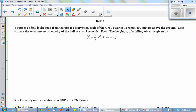Suppose we drop a ball from the upper observation deck of the CN Tower in Toronto — that's 450 meters above the ground. We want to estimate the instantaneous velocity of the ball exactly five seconds after it's been dropped. How fast is it falling?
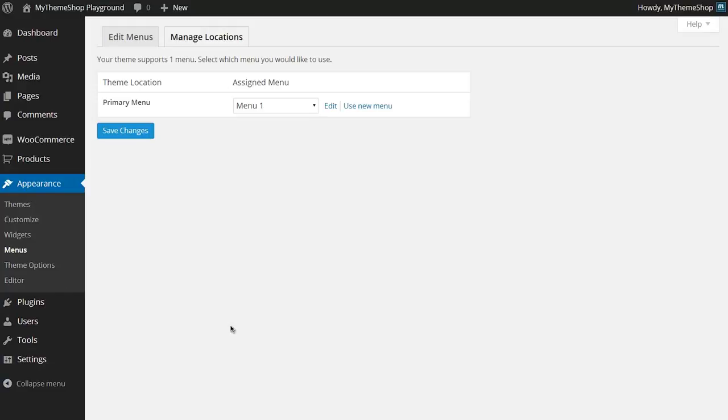That's all there is to it. Just create your menus, drag and drop, assign the menus how you want them, manage your locations and hit Save, and you'll have your menus displaying how you want them. If you have any queries, don't hesitate to head over to the MyThemeShop support forums where one of our support experts will be more than happy to help you. Thank you very much for watching.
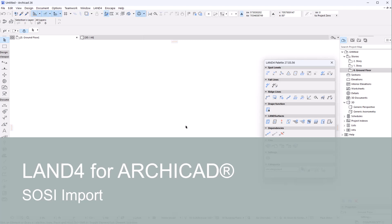Hey everyone, this is Daniel from LAN Software and this is a short video on the SOCI import in LAN 4.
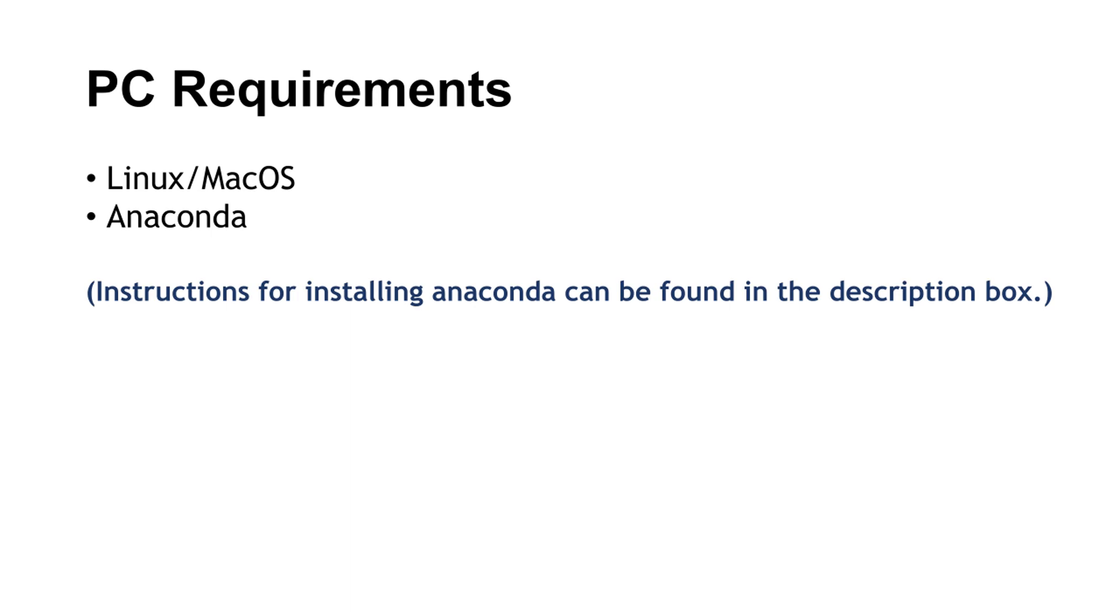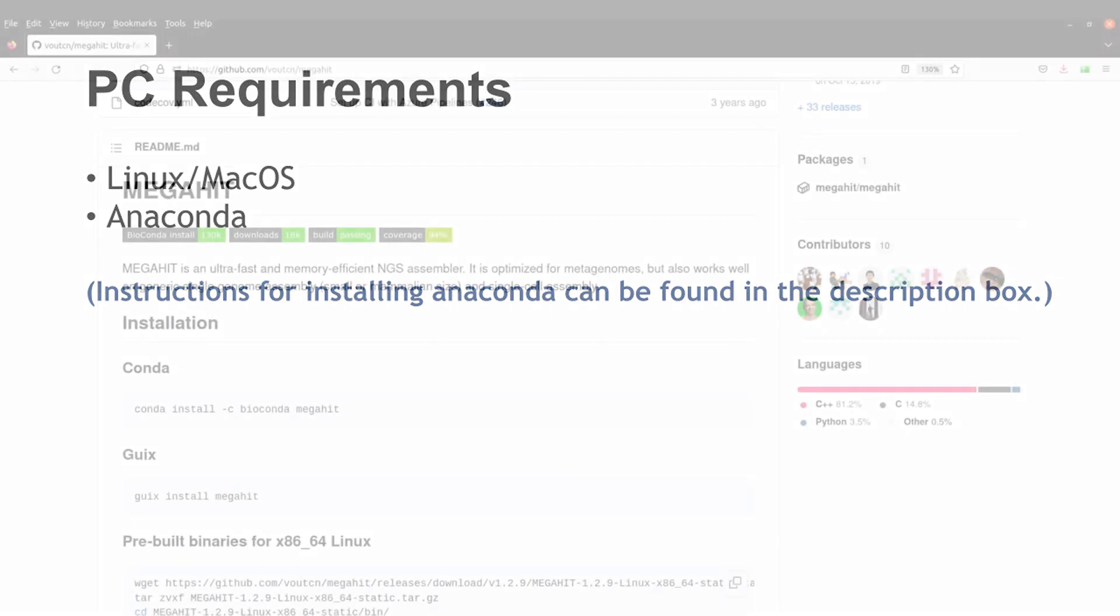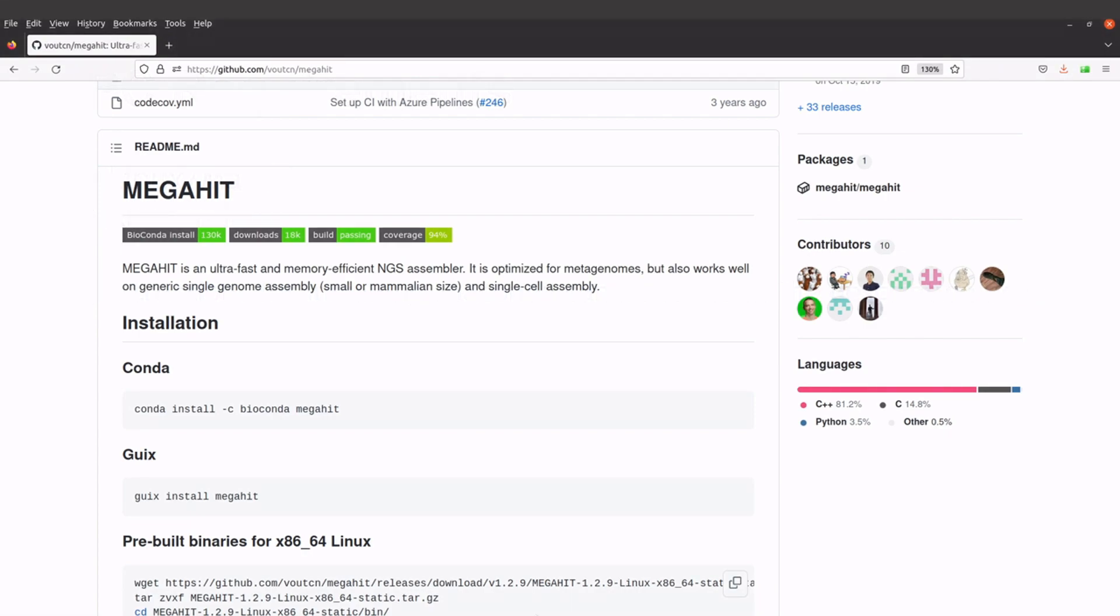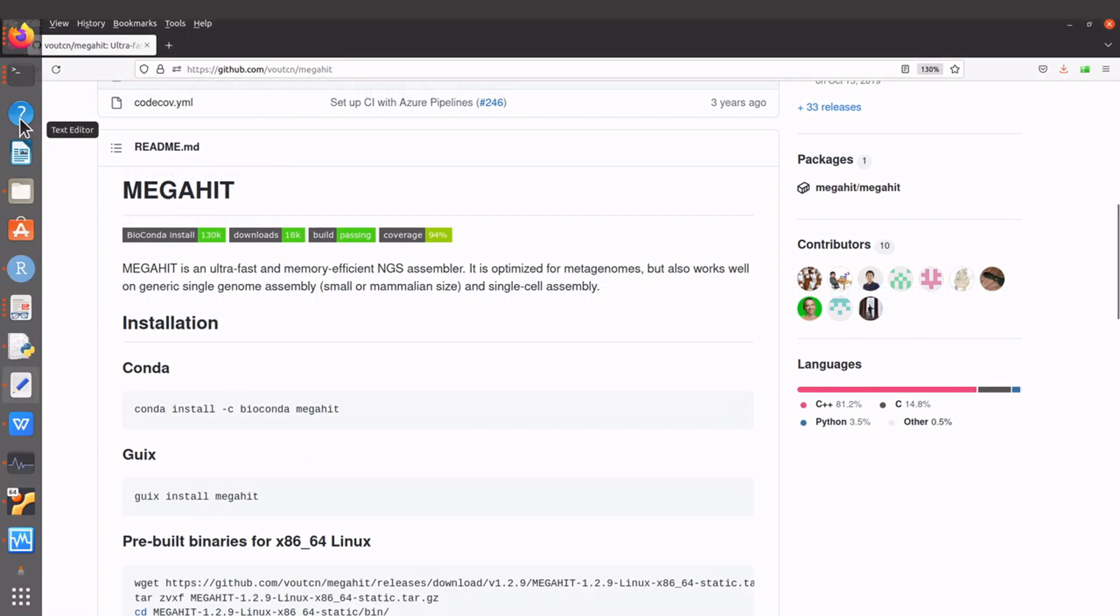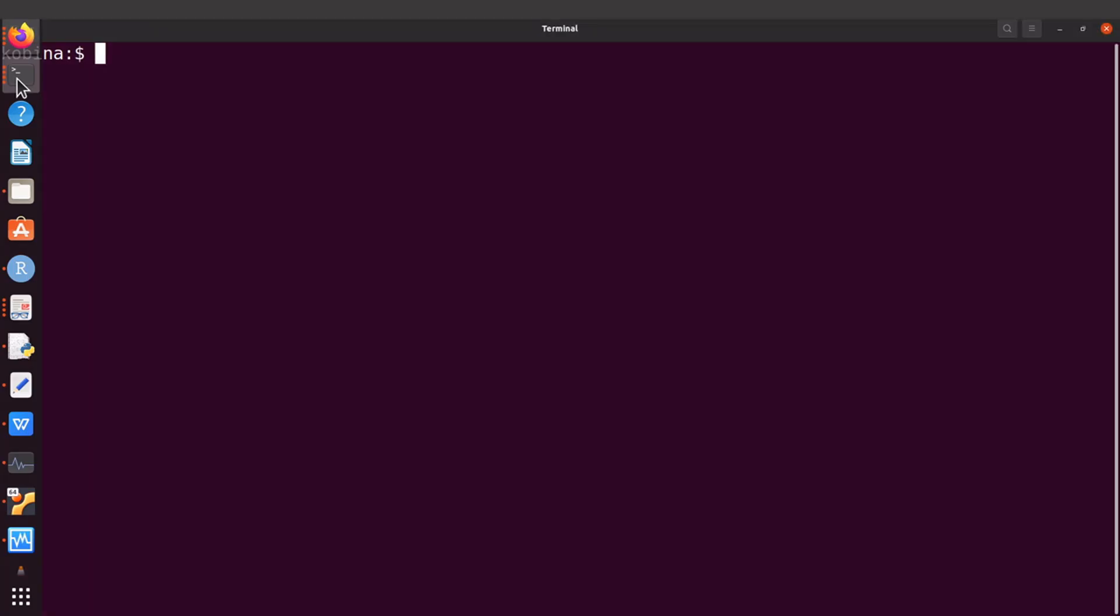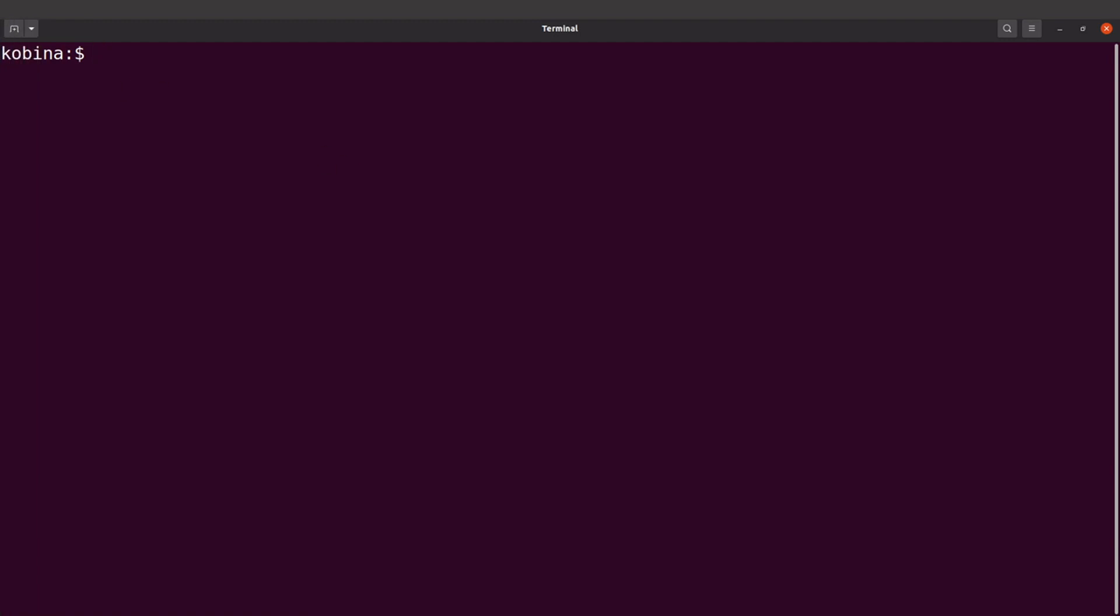Let's proceed to the terminal. We are on the terminal now. Again, make sure you have installed Anaconda. Instructions for installing Anaconda can be found in the description box. The first thing we will do is add channels. We are going to add two channels: bioconda and conda-forge.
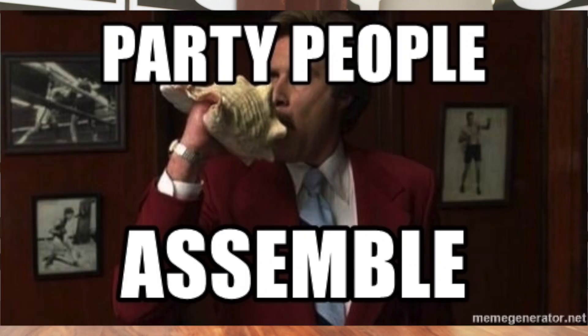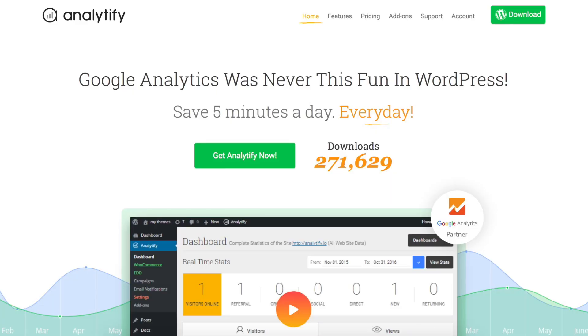What's good party people? It's me, Christy, with AppSumo, and today we are talking about Analytify, which is a Google Analytics WordPress plugin that you need on your website.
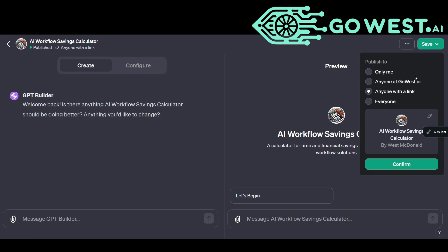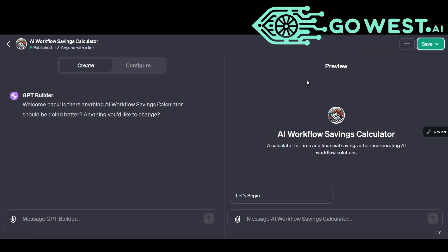The second scenario is if it's private and I only want it for me — I can select the 'Only for me' option. The feature I really like about the Team version is if you create a GPT for your company that you want a whole bunch of people to use, but you don't want the risk of anyone outside being able to use it — you can click on the 'Anyone at your company' link here, and it will only share that GPT with those people.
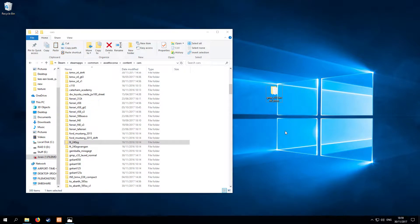Hello guys, in this video of Assetto Corsa modding I'm going to show you how to create an upgraded car version.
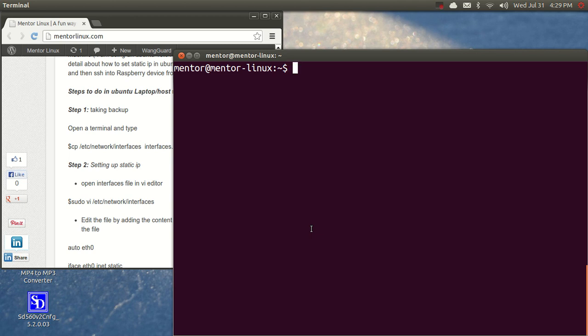Hi, hello and welcome to mentorlinux.com. I am Hanif and today we're going to see how to connect two machines, your Ubuntu laptop and the Raspberry Pi, through a peer-to-peer connection by setting a static IP.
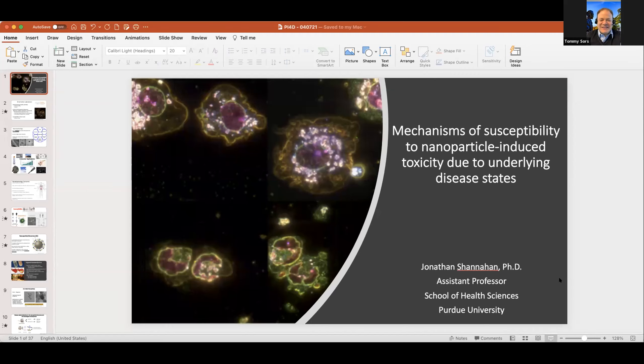Welcome to another Research Spotlight series. I am the director of the Purdue Institute of Inflammation, Immunology, and Infectious Disease. We are featuring Dr. Jonathan Shanahan from the School of Health Sciences. Dr. Shanahan is a fairly new member of PI4D, and we're excited to have him today tell us about his work on nanoparticle-induced toxicity due to underlying disease status, from an inflammatory perspective. So without further ado, Dr. Shanahan, please take the microphone away.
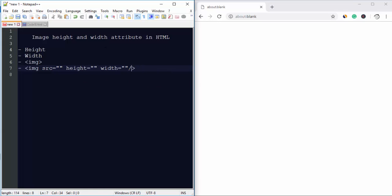So this is how you can add the image tag. Here you can set the height as well as the width. Now let us see an example.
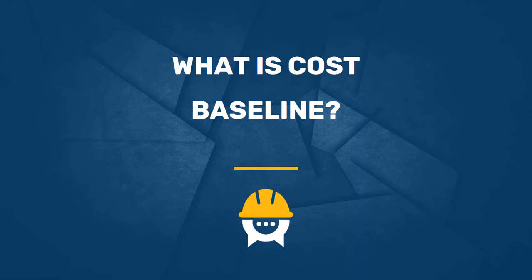In a nutshell, a cost baseline is a predefined metric of a project against which we measure the project's progress in terms of cost.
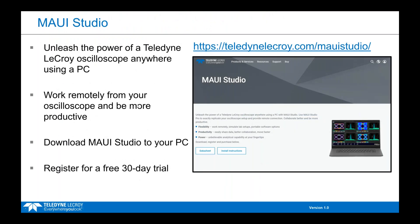MAUI is the user interface for our oscilloscopes. If you don't own a Teledyne LaCroix oscilloscope, you can download MAUI Studio onto your PC for a free 30-day trial, which gives you insight into what it's like to own a Teledyne LaCroix oscilloscope.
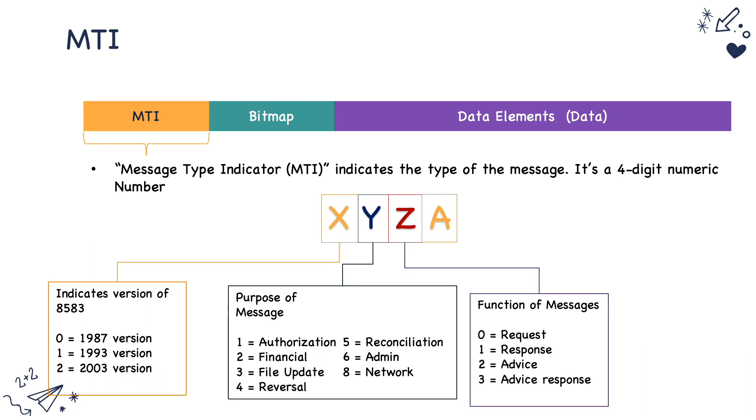The third one defines the function of the message. Is it a request or a response or just an advice being passed to the party? Request and response are very clear. Advice messages mean that the decision has already been made and we are just informing the outcome of that particular decision.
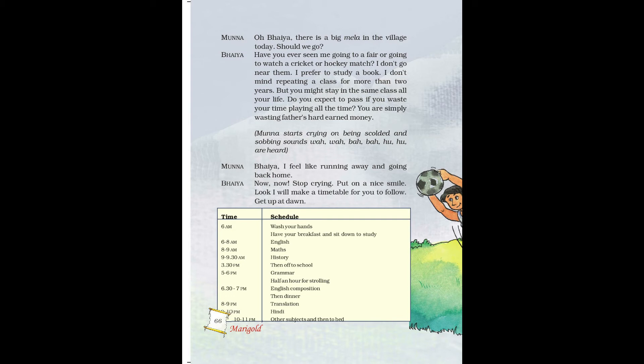Hearing all this, Munna started crying. Bhaiya then tells him to stop crying and put a smile on his face — comforting his younger brother. He says he will help make a timetable and Munna must follow it. The word 'dawn' — D-A-W-N — means early in the morning. Munna had said he felt like running away and going back home, but Bhaiya reassures him and says he will help him study by making a proper schedule.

**REQUIRED ACTION:**
In the listing above, find the line containing "Welcome to another". Output it and every line after it up to and including the line containing "The third one", exactly, but skip the pictures.

**SOLUTION:**
Welcome to another Research Spotlight series. I am the director of the Purdue Institute of Inflammation, Immunology, and Infectious Disease. We are featuring Dr. Jonathan Shanahan from the School of Health Sciences. Dr. Shanahan is a fairly new member of PI4D, and we're excited to have him today tell us about his work on nanoparticle-induced toxicity due to underlying disease status, from an inflammatory perspective. So without further ado, Dr. Shanahan, please take the microphone away.
So this is how you can add the image tag. Here you can set the height as well as the width. Now let us see an example.
In a nutshell, a cost baseline is a predefined metric of a project against which we measure the project's progress in terms of cost.
MAUI is the user interface for our oscilloscopes. If you don't own a Teledyne LaCroix oscilloscope, you can download MAUI Studio onto your PC for a free 30-day trial, which gives you insight into what it's like to own a Teledyne LaCroix oscilloscope.
The third one defines the function of the message. Is it a request or a response or just an advice being passed to the party? Request and response are very clear. Advice messages mean that the decision has already been made and we are just informing the outcome of that particular decision.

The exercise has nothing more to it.